Creating figures (graphs) using programming languages

Using a programming language to create your figures might initially take more time than creating your figures in Excel, especially if you do not have any programming experience. However, making your graphs using a programming language has several advantages over the use of MS Excel. It is worth the time to learn it, especially if you want to make more complicated figures, e.g., during your MSc thesis or when you are writing a manuscript for publication. Note that some supervisors are fine with the use of Excel figures, but others are not, so discuss this with your supervisor. They might also have tips for what programs and packages work best for your data and research.

The main advantages of using a programming language for creating figures are:

  • Using a programming language will give you a lot more freedom in the layout and format of your figure.
  • Using code to make your graphs allows you to save a script with command lines to produce a graph. This makes your workflow more transparent. Moreover, you can later use the same script when you want to make a similar figure with different dataset, saving you time.
  • A lot of packages and libraries for specific scientific fields and graph types are available on the internet, including help pages.
  • Some languages allow you to create 3D or animated figures and maps.

Several programming languages exist, and people might prefer different languages. However, each language has its own point of focus and advantages. Useful packages of the three most used languages at the Earth Sciences department at Utrecht University will be discussed below.

Python does not have its own built-in function for data visualisation. There are however several plotting libraries available that allow you to create high-quality figures. This gives you many possibilities for creating graphs. An extensive library with example plots and corresponding code is available here. When you use the python software (see Programming module), the website also introduces the python syntax to produce such figures yourself.

Libraries:

  • The Matplotlib library has functions for 2D and 3D plotting, and for interactive figures. It provides a lot of freedom for data visualisation. Various other data visualisation libraries are built on Matplotlib.
  • Pandas visualisation is developed for data manipulation and data cleaning, but also has some visualisation features. It is built on Matplotlib but has a more user-friendly interface and you will need to write less code to make your graphs.
  • Seaborn is suitable for advanced data visualisation. It has a lot of built-in functions and is particularly useful for visualising time series. It also has some built-in styling formats.
  • Ggplot is based on the ggplot2 package, which is built on the grammar of graphics. This makes sure your graph contains some basic elements and simplifies your code.
  • Plotly is an online platform for data visualisation, but has also an extension for Python and R. It allows you to create interactive plots and 3D graphs.

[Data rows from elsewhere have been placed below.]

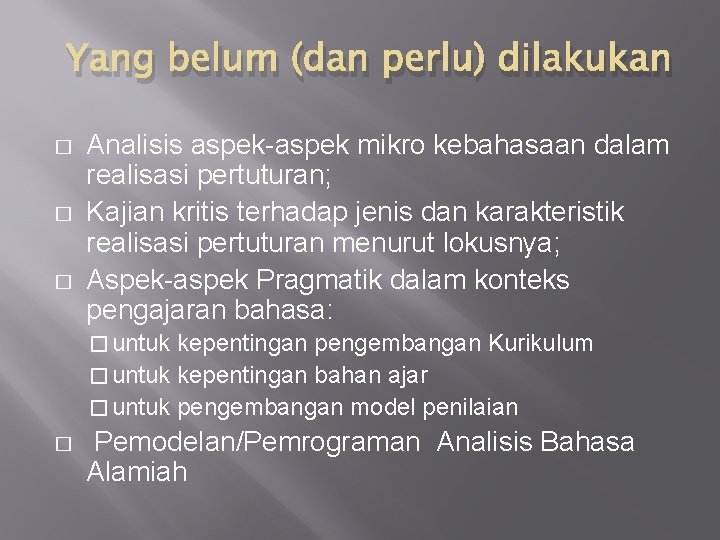 Yang belum (dan perlu) dilakukan � � � Analisis aspek-aspek mikro kebahasaan dalam realisasi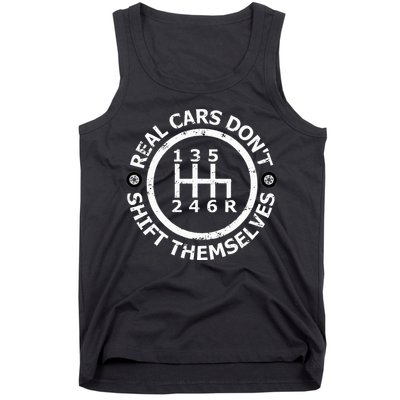 Real Cars DonT Shift Themselves Six Speed Drifting Tank Top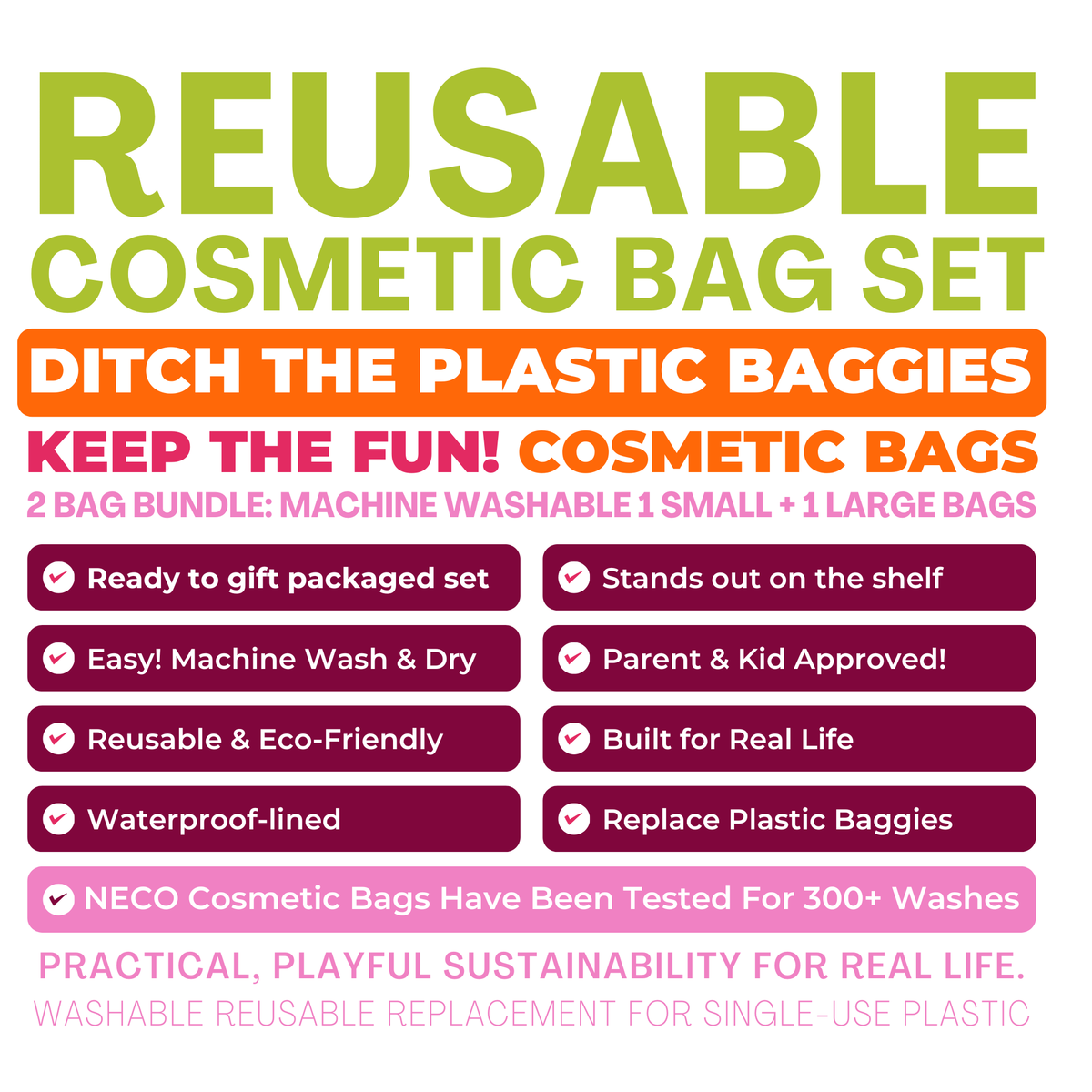 A promotional graphic for a reusable cosmetic bag set. The text reads 'REUSABLE COSMETIC BAG’ 'Ditch the Plastic Baggies,' 'Keep the Fun! Cosmetic Bags,' '2 Bag Bundle: Machine Washable 1 Small + 1 Large Bags,' and feature checkmarks for qualities like being ready for gift packaging, standing out on shelves, easy machine wash and dry, parent and kid approved, reusable and eco-friendly, waterproof-lined, and replacing plastic baggies.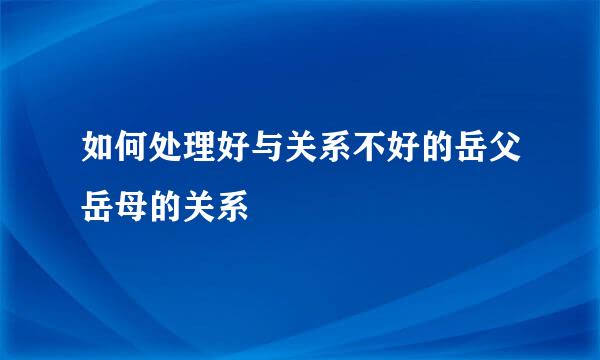 如何处理好与关系不好的岳父岳母的关系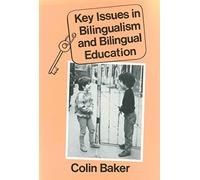 Key Issues in Bilingualism and Bilingual Education (Multilingual Matters)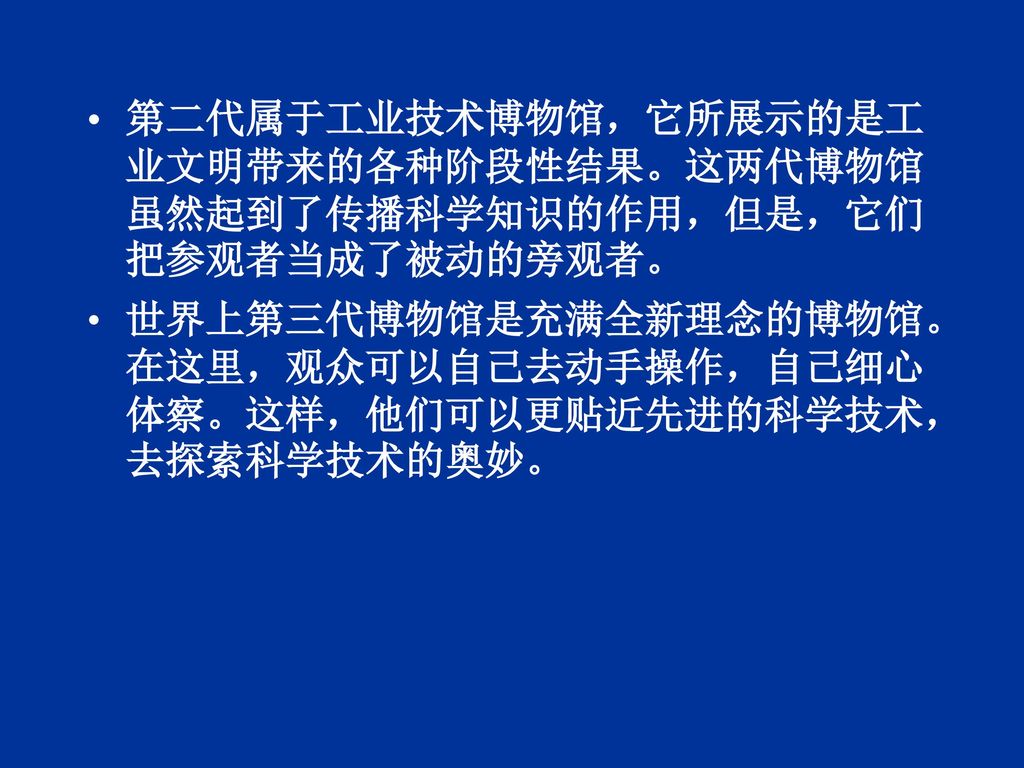 第二代属于工业技术博物馆，它所展示的是工业文明带来的各种阶段性结果。这两代博物馆虽然起到了传播科学知识的作用，但是，它们把参观者当成了被动的旁观者。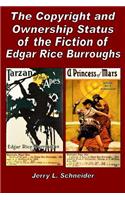The Copyright and Ownership Status of the Fiction of Edgar Rice Burroughs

Python and the libraries mentioned above are all open source. For more information on making figures in Python, you can take a look at the Programming module. Many free tutorials, including complete beginner courses, are available online.

R is a programming language focused on statistical computing. It is connected to RStudio, which is a software with a more user-friendly interface that has several built-in functions for data visualisation. R and RStudio are specifically designed for statistics and data analysis. However, various additional data visualisation packages are available.

Packages:

  • ggplot2 is one of the most popular visualisation packages. It is based on grammar of graphics (R4DS). This package makes creating custom plots fairly easy, because it takes care of small details so that you do not have to write commands for those.
  • Lattice is specifically useful for visualising multivariate data. It allows you to create plots with different variables in panels.
  • Analogue is developed to work with paleoecological data. It is specifically useful to create species composition diagrams, as a part of stratigraphic plots.
  • RColorBrewer helps you to easily manipulate colours in your graphs. It has several sequential, diverging, and qualitative colour palettes.
  • Plotly is an online platform for data visualisation, but has also an extension for Python and R. It allows you to create interactive plots and 3D graphs. 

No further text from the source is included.